From 8a9664f9e63bf0528ee70ce40904314dd9deee64 Mon Sep 17 00:00:00 2001
From: Klaus Aehlig <klaus.aehlig@huawei.com>
Date: Wed, 15 Jun 2022 12:31:53 +0200
Subject: Document the concept of target-level caching

---
 doc/concepts/target-cache.org | 219 ++++++++++++++++++++++++++++++++++++++++++
 1 file changed, 219 insertions(+)
 create mode 100644 doc/concepts/target-cache.org

(limited to 'doc/concepts')

diff --git a/doc/concepts/target-cache.org b/doc/concepts/target-cache.org
new file mode 100644
index 00000000..dccbd5e7
--- /dev/null
+++ b/doc/concepts/target-cache.org
@@ -0,0 +1,219 @@
+* Target-level caching
+
+** ~git~ trees as content-fixed roots
+
+*** The ~"git tree"~ root scheme
+
+The multi-repository configuration supports a scheme ~"git tree"~.
+This scheme is given by two parameters,
+- the id of the tree (as a string with the hex encoding), and
+- an arbitrary ~git~ repository containing the specified tree
+  object, as well as all needed tree and blob objects reachable
+  from that tree.
+For example, a root could be specified as follows.
+#+BEGIN_SRC
+["git tree", "6a1820e78f61aee6b8f3677f150f4559b6ba77a4", "/usr/local/src/justbuild.git"]
+#+END_SRC
+
+It should be noted that the ~git~ tree identifier alone already
+specifies the content of the full tree. However, ~just~ needs access
+to some repository containing the tree in order to know what the
+tree looks like.
+
+Nevertheless, it is an important observation that the tree identifier
+alone already specifies the content of the whole (logical) directory.
+The equality of two such directories can be established by comparing
+the two identifiers _without_ the need to read any file from
+disk. Those "fixed-content" descriptions, i.e., descriptions of a
+repository root that already fully determines the content are the
+key to caching whole targets.
+
+*** ~KNOWN~ artifacts
+
+The in-memory representation of known artifacts has an optional
+reference to a repository containing that artifact. Artifacts
+"known" from local repositories might not be known to the CAS used
+for the action execution; this additional reference allows to fill
+such misses in the CAS.
+
+** Content-fixed repositories
+
+*** The parts of a content-fixed repository
+
+In order to meaningfully cache a target, we need to be able to
+efficiently compute the cache key. We restrict this to the case where
+we can compute the information about the repository without file-system
+access. This requires that all roots (workspace, target root, etc)
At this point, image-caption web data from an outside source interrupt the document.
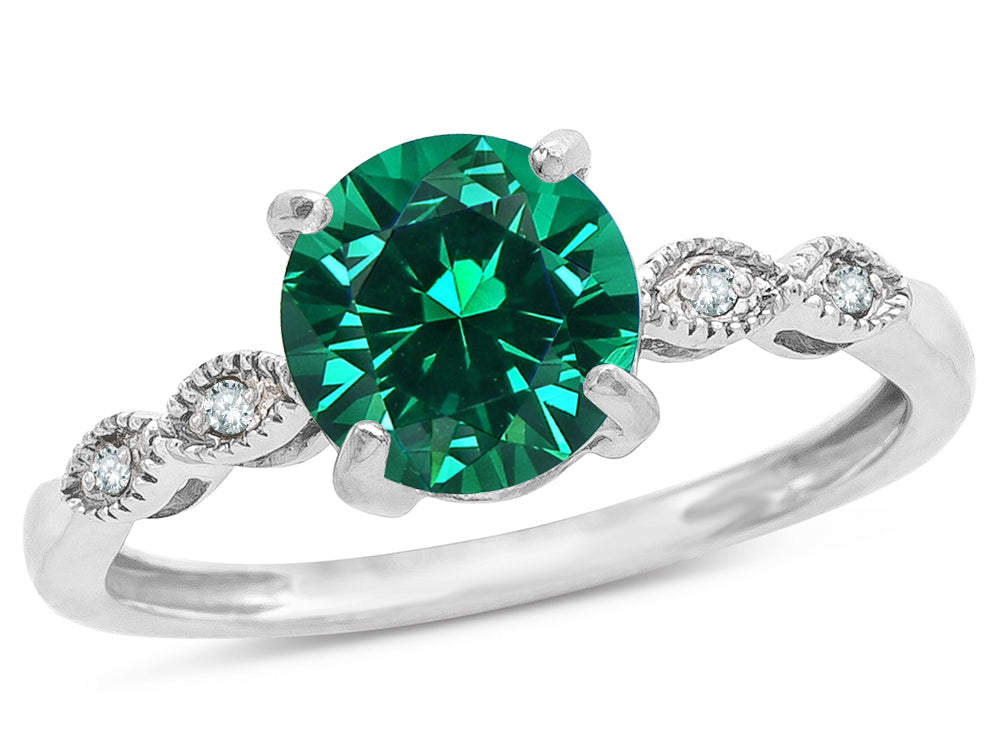 Star K Round 7mm Simulated Emerald Vintage Antique Look Engagement Promise Ring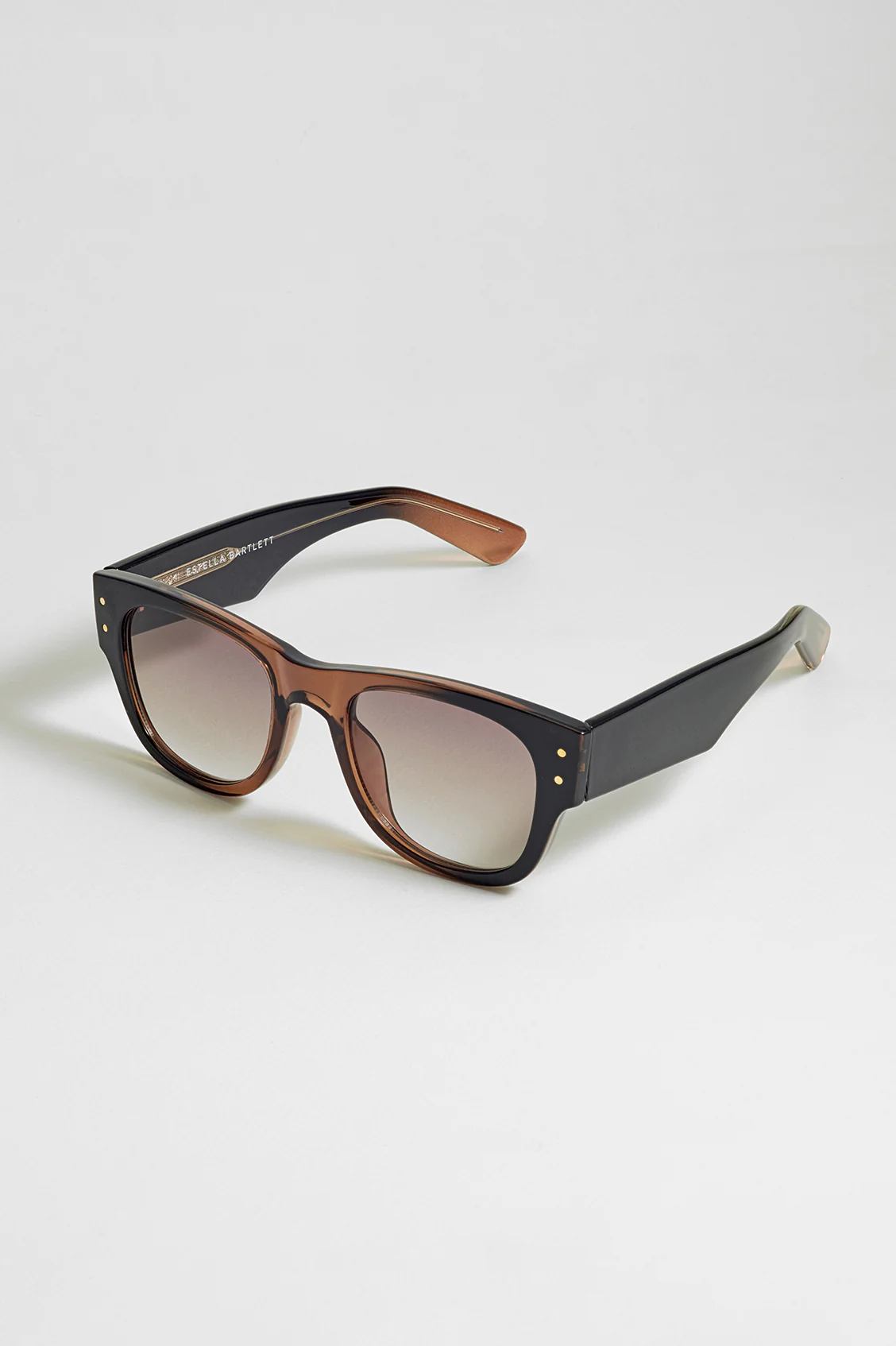 Transparent Brown Wayfarer Unisex Sunglasses - Image 4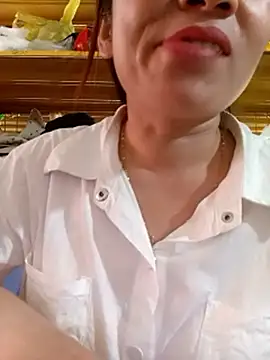 Sury_sexyy live cam on StripChat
+be content fixed, as well as the bindings of the free repository
+names (and hence also all transitively reachable repositories).
+The call such repositories "content-fixed" repositories.
+
+*** Canonical description of a content-fixed repository
+
+The local data of a repository consists of the following.
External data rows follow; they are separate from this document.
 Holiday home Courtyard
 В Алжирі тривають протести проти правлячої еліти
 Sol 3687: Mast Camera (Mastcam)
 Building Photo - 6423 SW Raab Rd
+- The roots (for workspace, targets, rules, expressions). As the
+  tree identifier already defines the content, we leave out the
+  path to the repository containing the tree.
+- The names of the targets, rules, and expression files.
+- The names of the outgoing "bindings".
+
+Additionally, repositories can reach additional repositories via
+bindings. Moreover, this repository-level dependency relation
+is not necessarily cycle free. In particular, we cannot use the
+tree unfolding as canonical representation of that graph up to
+bisumlation, as we do with most other data structures. To still get
+a canonical representation, we factor out the largest bisimulation,
+i.e., minimize the respective automaton (with repositories as
+states, local data as locally observable properties, and the binding
+relation as edges).
+
+Finally, for each repository individually, the reachable repositories
+are renamed ~"0"~, ~"1"~, ~"2"~, etc, following a depth-first
+traversal starting from the repository in question where outgoing
+edges are traversed in lexicographical order. The entry point is
+hence recognisable as repository ~"0"~.
+
+The repository key content-identifier of the canonically formatted
+canonical serialisaiton of the JSON encoding of the obtain
+multi-repository configuration (with repository-free git-root
+descriptions). The serialisation itself is stored in CAS.
+
+These identifications and replacement of global names does not change
+the semantics, as our name data types are completely opaque to our
+expression language. In the ~"json_encode"~ expression, they're
+serialized as ~null~ and string representation is only generated in
+user messages not available to the language itself. Moreover, names
+cannot be compared for equality either, so their only observable
+properties, i.e., the way ~"DEP_ARTIFACTS"~, ~"DEP_RUNFILES~, and
+~"DEP_PROVIDES"~ reacts to them are invariant under repository
+bisimulation.
+
+** Configuration and the ~"export"~ rule
+
+Targets not only depend on the content of their repository, but also
+on their configurations. Normally,
+the effective part of a configuration is only determined after
+analysing the target. However, for caching, we need to compute
+the cache key directly. This property is provided by the built-in ~"export"~ rule; only ~"export"~ targets
+residing in content-fixed repositories will be cached. This also
+serves as indication, which targets of a repository are intended
+for consumption by other repositories.
+
+An ~"export"~ rule takes precisely the following arguments.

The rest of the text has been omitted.